Capital One and QED Founder, Nigel Morris, is making the case that now is the time for banks to acquire FinTechs.
Finally, UBS announced it is launching a VC fund. The fund is designed to accelerate UBS digital strategy. Bloomberg notes that COVID-19 has accelerated a shift toward digital services – even for high-touch wealth management. The fund is planning investments between $10 million and $20 million in dozens of companies, and plans to hold those stakes for at least five years.
In the News:
- Americans on Unemployment Benefits Post First Drop of Pandemic (Bloomberg, 5/28/2020) The job market is starting to rebound as businesses start to reopen.
- Under Barrage Of Awful Data, Fed Debates Major Shift To Rules-Based Policy (Forbes, 5/24/2020) The Fed is considering explicit rules to govern interest rates.
- The Bond Market Is Betting on More Fed Action to Dodge a Depression (Bloomberg, 5/26/2020) The Fed unleashed many new policies to keep the economy out of depression, but investors believe it’s lining up another one.
- Consumer Spending Fell a Record 13.6% in April (WSJ, 5/29/2020) U.S. consumer spending fell by a record 13.6% in the month of April, but there are signs that purchasing is starting to pick up.
- The JPMorganChase Daily Consumer Spending Tracker (JPMorgan Chase, 5/27/2020) Daily release of JPM’s credit card spending data.
- Delinquencies and Foreclosures Won’t be as Bad as Feared, Data Suggests (American Banker, 5/26/2020) Forbearance requests by homeowners nearly leveled off in the first half of May.
- An Optimistic Jamie Dimon Sees a 3rd Quarter Recovery (ai-CIO, 5/27/20) JPMorgan CEO points to DC-funded relief efforts as key driver.
- House Passes Bill Loosening Rules on PPP Small-Business Loans (WSJ, 5/28/2020) House approved bipartisan bill that would loosen requirements on hundreds of billions of dollars in small-business loans.
- The Future Of Fintech: The New Normal After The Covid-19 Crisis (Forbes, 5/26/2020) Once the COVID-19 pandemic is over, banks will need to accelerate their investments in FinTech.
- There’s Never Been a Better Time for Banks to Buy FinTechs, According to a Capital One Cofounder.

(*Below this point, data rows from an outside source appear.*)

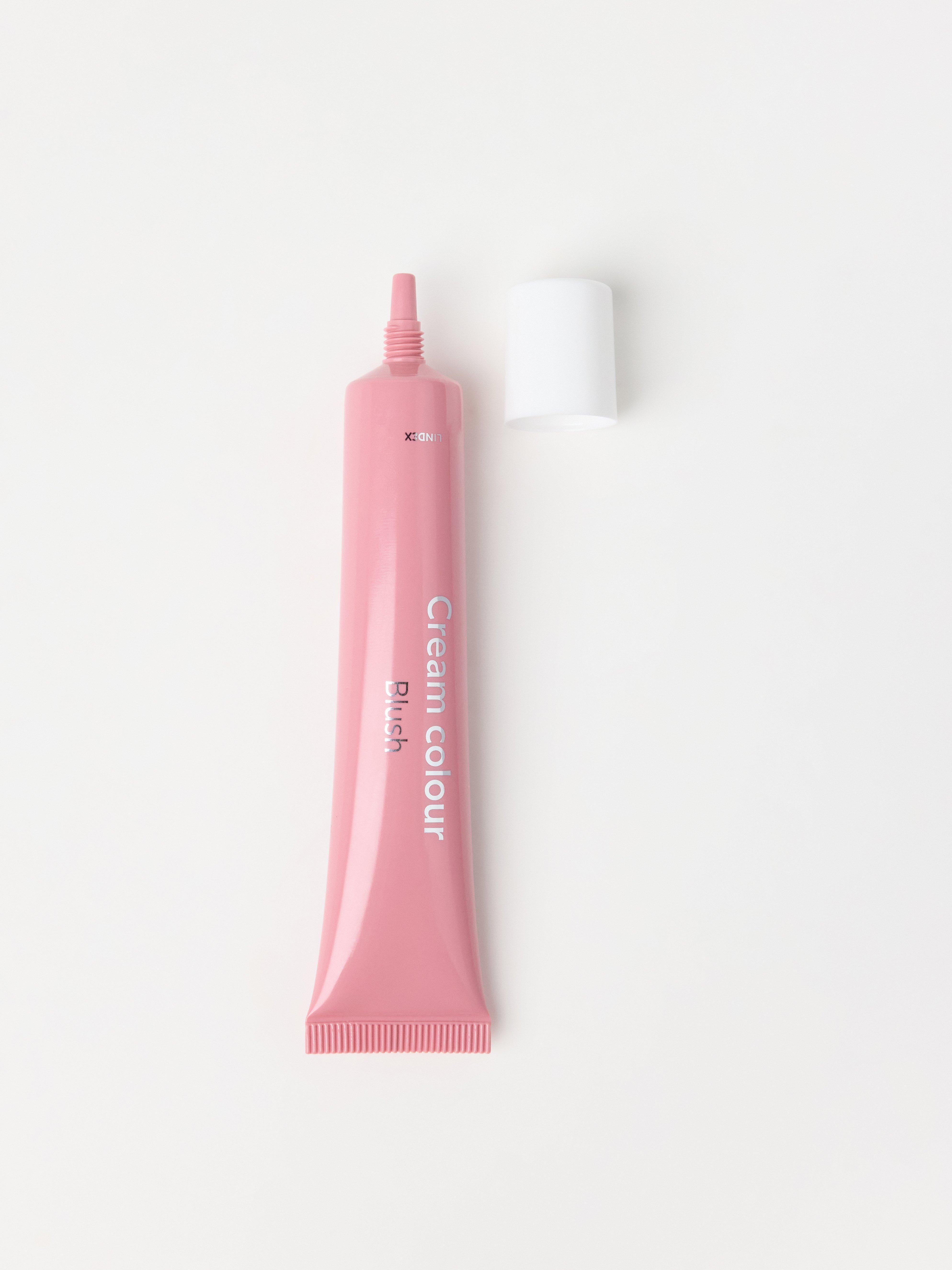 Rouge - Kosmetik - Rosa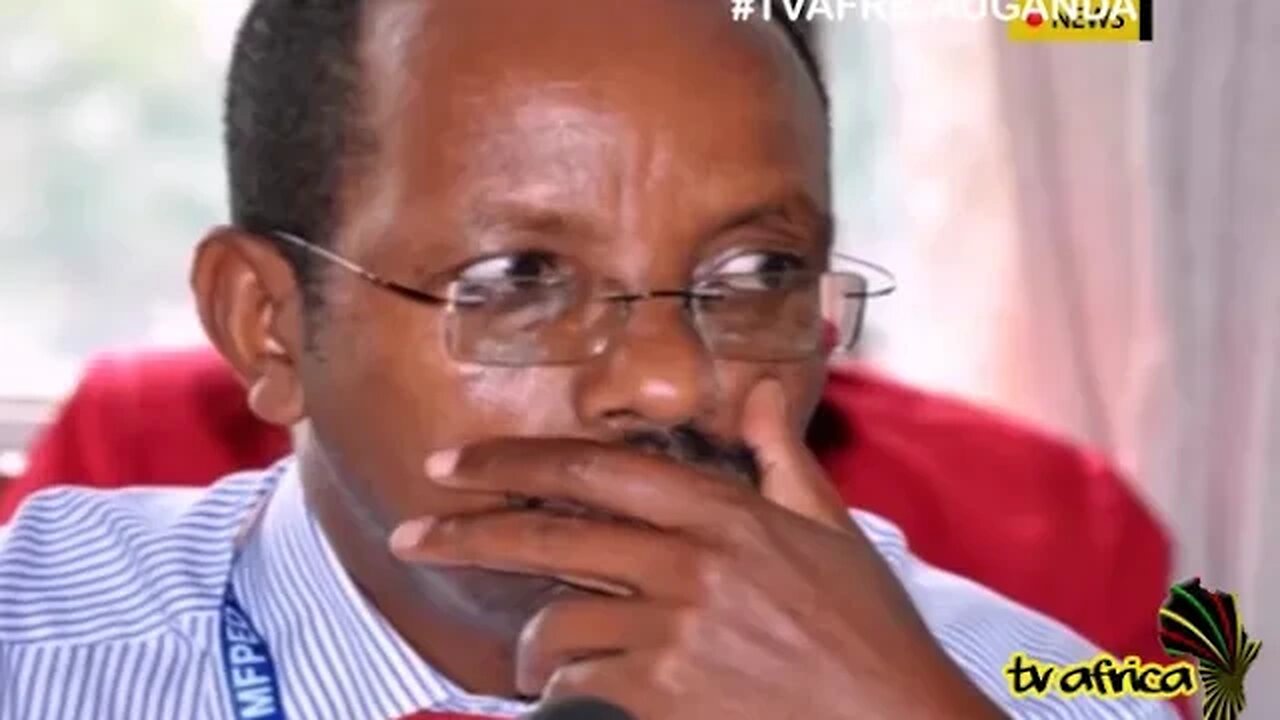 IMPROVE THE HEALTH SECTOR: Former Head of Treasury, Keith Muhakanizi dies foreign land
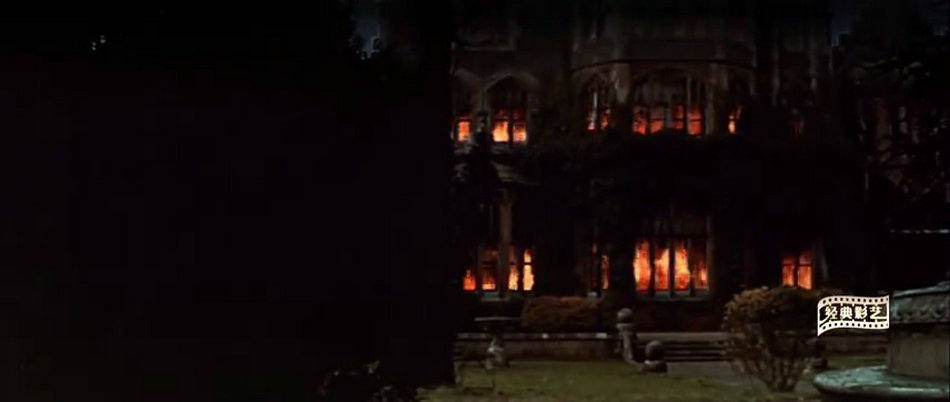 要你吓破胆剧照的剧照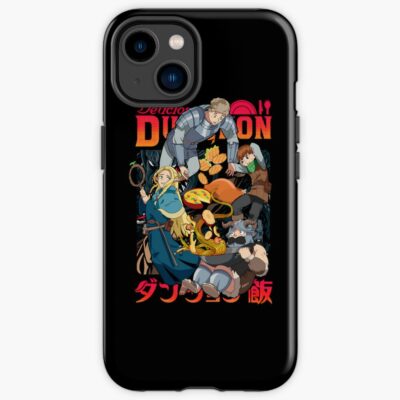 Best Selling Delicious In Dungeon Unique Iphone Case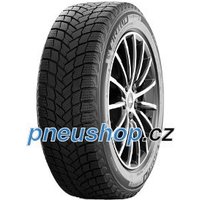 Michelin X-Ice Snow SUV ( 265/40 R22 106T XL EV Suitable, Nordic compound, s ochrannou ráfkuleiste (FSL) )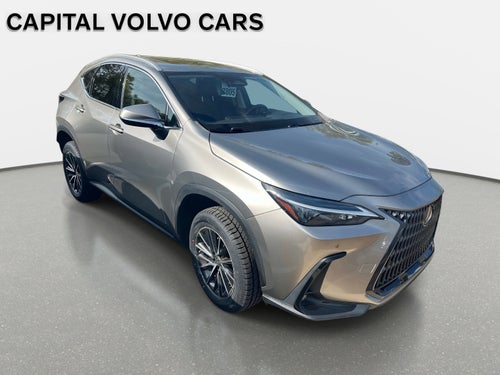 2023 Lexus NX NX 350 Premium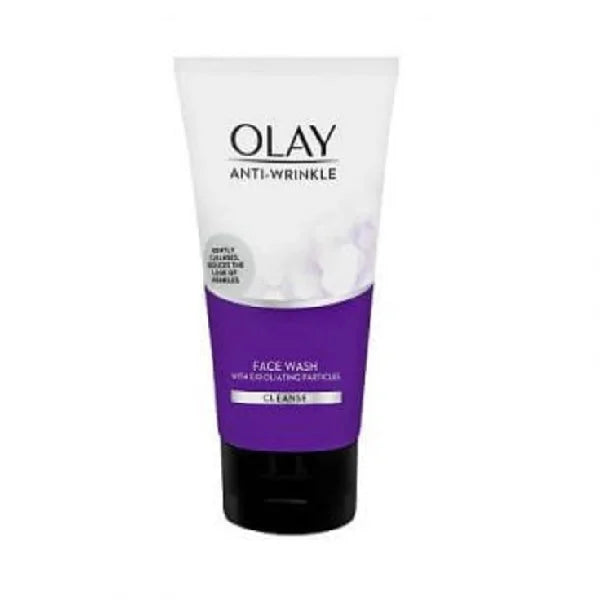 Olay Age Defying Face Wash 150ml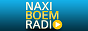 Логотип онлайн радіо Naxi Boem Radio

Here’s Why Both Sides Need Each Other More Than Ever. (Business Insider, 5/28/2020) Capital One co-founder, Nigel Morris, said that there is a mutual benefit for both banks and FinTechs to work together once the pandemic is over.
- CommonBond Announces SmartCash™ – Connecting Student Loan Refinance to a More Seamless Cash Experience (PR Newswire, 5/29/2020) CommonBond’s new product, SmartCash, which allows customers to seamlessly open a core checking account while refinancing their student loan debt.
- UBS to Start Own Venture Capital Fund in Effort to Digitize Bank (Bloomberg, 5/25/2020) Swiss wealth manager, UBS Group AG, wants to further engage with and support FinTech firms by investing in them.
- Marqeta raises $150 Million in New Capital, to Accelerate Product Innovation and Global Growth (Marqeta, 5/27/2020) Oakland-based FinTech Startup, Marqeta, raised $150MM in equity funding, which values the company at $4.3Bn.
- OnDeck Shares Early Progress in Borrower Behavior (LendIt Fintech News, 5/28/20) Online lender shares mid-quarter update on cost saving program and improved borrower repayments.
- New Species of Scaly, Deep-Sea Worms Named After Elvis have Been Found (Science News, 5/25/2020) New species of deep-sea worms are named after Elvis because they have luminous colored scales that are reminiscent of his iconic jumpsuits.